Many times, small business owners want to reinvest all their money back into the business. You may be thinking you’ll make more money than in the stock market; however, that is a short-term investment strategy. Do not invest all of your money into your business. I believe you need to be saving 10–20% of your gross income for your long-term goals. – Justin Goodbread, Heritage Investors
If 10-20% sounds too far outside of the realms of possibility for a personal savings plan right now, you should still take steps to protect yourself. A good place to start is making sure you are investing in the right insurance for your business.
Keeping track of your salary
Your first salary might be just enough to cover the amount you need to live, pay your bills and save a little each month. If you’re bootstrapping, it could be way below market rate for your level of skill and experience. Remember to keep evaluating how your business is doing.
Entrepreneur and business writer, Sam Harrop recommends that you keep track of the amount of money you take out of the company and how much you should be taking as a market-related wage. “This difference is what we call “sweat equity.” It is your investment in your business. You are an investor in your business, and all good investors expect a return on their investment.”
Getting started with a personal wealth plan
You could start by:
Getting a good hold on your business’s average income and making a plan for slower months
Creating a personal wealth budget and treating it with the same seriousness you’d treat your business budget
Booking in some time with a financial advisor.
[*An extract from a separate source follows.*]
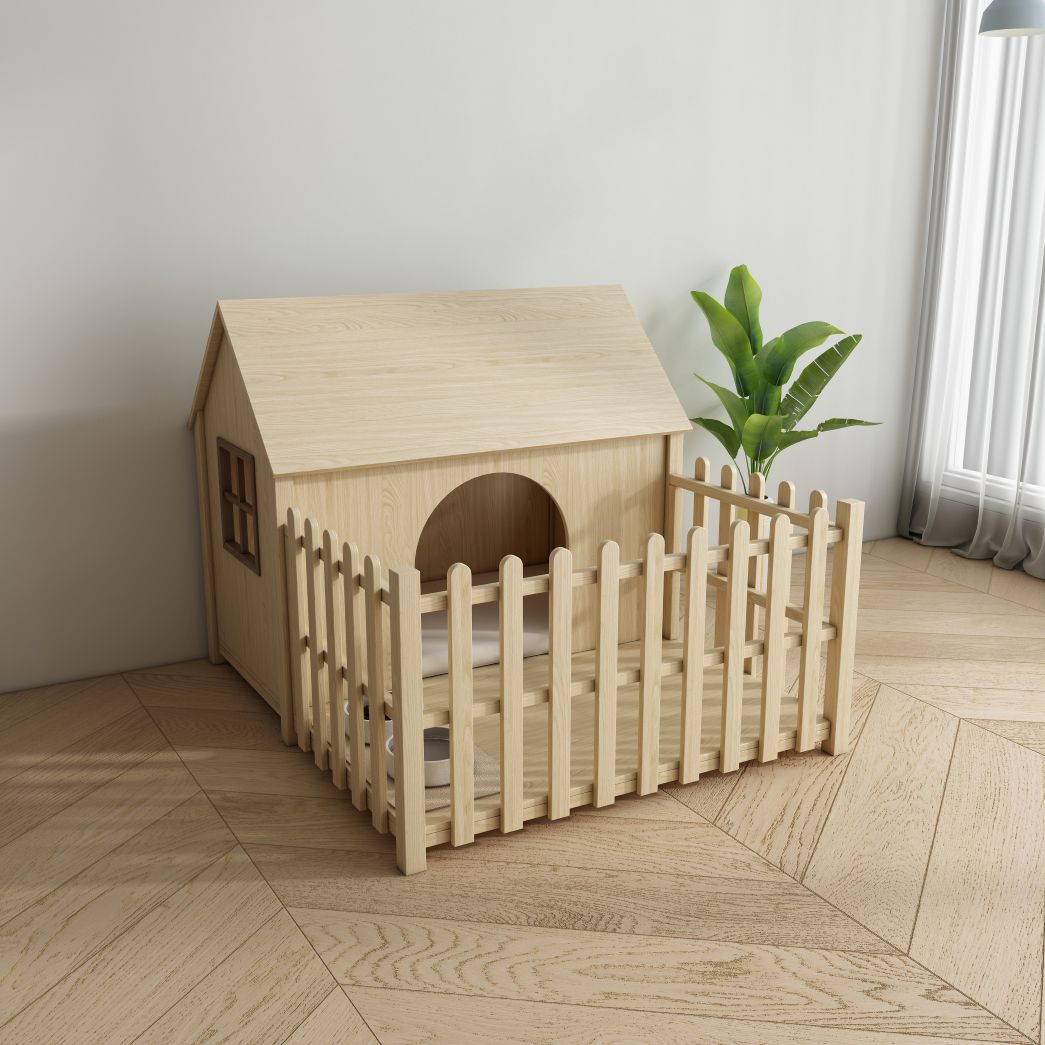 Light Wood Dog House with Fence, Indoor Pet Kennel & Feeding Area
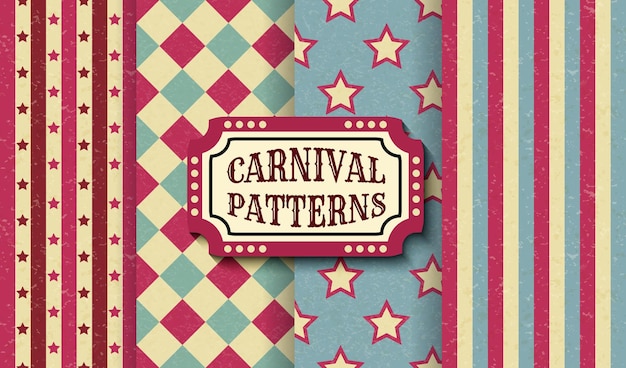 Set of carnival retro vintage seamless patterns. textured old fashioned circus wallpaper templates. collection of vector texture background tiles. for parties, birthdays, decorative elements.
“In my experience, most entrepreneurs have great instincts, exceptional resolve, and business vision, but they rarely have a well-thought-out personal wealth management plan,” says Nicholas Murphy, a first vice president and financial advisor with RBC Wealth Management. “It’s almost like an attorney not having a will: They’re so focused on their business plan that they forget to develop a personal wealth plan.”
Keep in mind that the way you pay yourself will be different depending on your legal structure. A tax attorney will be able to walk you through the ways to pay yourself if you’re a sole proprietor, in a partnership, S corporation or C corporation.
However your banking is set up, avoid the common pitfall of taking a little bit of personal money here and there from your business. Finance writer, Gabby Revel, advises “If your business is a registered corporation, it may be illegal for you to use corporate money for personal expenses. Even if you’re a sole proprietor, where the IRS doesn’t differentiate your business income from personal income, it’s a bad idea.”
We understand that you have a deep personal responsibility toward your business, but you also have one toward yourself and your future. You are your company’s biggest asset, and you need to protect it.
ALWAYS CONSULT A FINANCIAL ADVISOR BEFORE MAKING CHANGES TO THE PERSONAL INCOME YOU TAKE FROM YOUR BUSINESS.
You have a deep personal responsibility toward your business, but you also have one toward yourself and your future.